Cultura

Las bellas aventuras

Antes de concebir las hermosas fabulaciones por las que es universalmente conocido, Robert Louis Stevenson (1850-1894) escribió una serie de libros de viajes que contaban sus andanzas y peregrinajes por tierras de Francia y América. Disponíamos de ediciones recientes de Viajes con una burra, de El emigrante por gusto y de su continuación A través de las praderas, pero faltaba por traducirse el primero de ellos, An Inland Voyage (1878), con el que se inició la carrera literaria de un joven aventurero que gustaba de la vida itinerante y no había publicado hasta entonces -ensayos, artículos, algún relato- más que en las revistas, pero que ya había conocido, precisamente en Francia, a la mujer por la que atravesaría el Atlántico y con la que conviviría el resto de su vida. Este viaje tierra adentro narra una expedición emprendida en 1876 por Stevenson y su buen amigo Walter Simpson, que partieron de Amberes para recorrer, embarcados en dos balandros, parte de Bélgica y el norte del país galo, con destino final en Pontoise, cerca de París. Una accidentada travesía que se lee con la emoción del que sabe que a su protagonista, un joven escocés fascinado por Francia, le quedan aún miles de kilómetros por recorrer, muy lejos de los ríos y de los canales de la vieja Europa.

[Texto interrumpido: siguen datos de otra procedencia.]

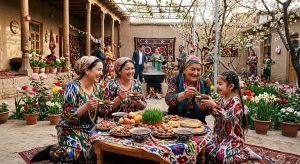 Community celebration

Como señala el veterano traductor Miguel Martínez-Lage, el narrador tiene todavía mucho de cronista ingenuo que sin embargo, entre los comentarios jocosos y las descripciones de tono naturalista, deja entrever detalles de genio que anticipan al futuro artífice de tramas inmortales. En particular, desde la primera línea, Stevenson muestra su talento para la composición de escenas y, aunque todavía en bruto, esa especial elegancia en la que reside buena parte de su encanto. Los expedicionarios afrontan todo tipo de obstáculos que no merman su entusiasmo ni su buen humor, pero la narración del viaje contiene, además de las peripecias de los navegantes, apuntes de paisaje en la tradición del ensayismo romántico, vivos retratos de los personajes que les salen al encuentro y reflexiones -"La política es la religión de Francia"- que se alternan con los pasajes descriptivos y dejan claro que el autor, aunque primerizo, no es un mero recopilador de anécdotas y lugares pintorescos. Se trata de una aventura modesta, de iniciación juvenil, pero su cualidad inaugural, ya se ha dicho, resulta particularmente emocionante, pues en este muchacho enfermizo pero obstinado, en su vitalismo contagioso, en las graciosas observaciones que acompañan el relato de sus destartaladas correrías, está ya el gran escritor que no necesitaba de los escenarios exóticos para dejar una impresión perdurable. "Las más bellas aventuras -concluye el viajero, de vuelta al mundo- no son aquellas cuya búsqueda emprendemos lejos".